Books can make us smarter, more informed, even more intellectually humble. But one of the most powerful benefits of regular reading is greater empathy. Through words you are transported to another's perspective. You look through their eyes. You understand their pain and their joy.
That can relieve loneliness and make life a whole lot more pleasant, but it's also good for business. Understanding customers and collaborators helps you get more done and be more creative.
So how exactly do books accomplish this magic trick? On Lit Hub recently Tufts University professor of child development and reading expert Maryanne Wolf explained the fascinating neuroscience of exactly what immersion in a good book does to your brain.

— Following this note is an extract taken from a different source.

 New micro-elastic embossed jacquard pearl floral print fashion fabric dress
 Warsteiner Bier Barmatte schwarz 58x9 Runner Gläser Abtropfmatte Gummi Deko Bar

It's a must read for bibliophiles, but the basic takeaways are valuable for any professional who wants to use books as a tool to perform at their best.
"There is no frigate like a book."
The article kicks off with a smorgasbord of quotes that capture just how absorbing a truly great read can be, such as poet Emily Dickinson's famous line, "There is no Frigate like a Book." Entertainingly, we also learn that Machiavelli used to dress up in the style of characters in the books he was reading and hold imaginary discussions with them.
Machiavelli may have taken his empathy with literary characters to extremes, but even the everyday version, where you become totally immersed in a story and its characters is vastly powerful. This "perspective taking," where we put ourselves in the shoes of others, helps us "understand the range of the often contradictory feelings each of us possesses" and "leaves us feeling less alone with our particular complex mix of emotions," Wolf argues.
Anyone who has ever read about a character and thought, 'Oh, I'm not the only weirdo who thinks that way,' or alternately, 'I never thought of it from that perspective before' will instantly understand what she means. But what happens in the brain to make these perspective-shifting experiences possible?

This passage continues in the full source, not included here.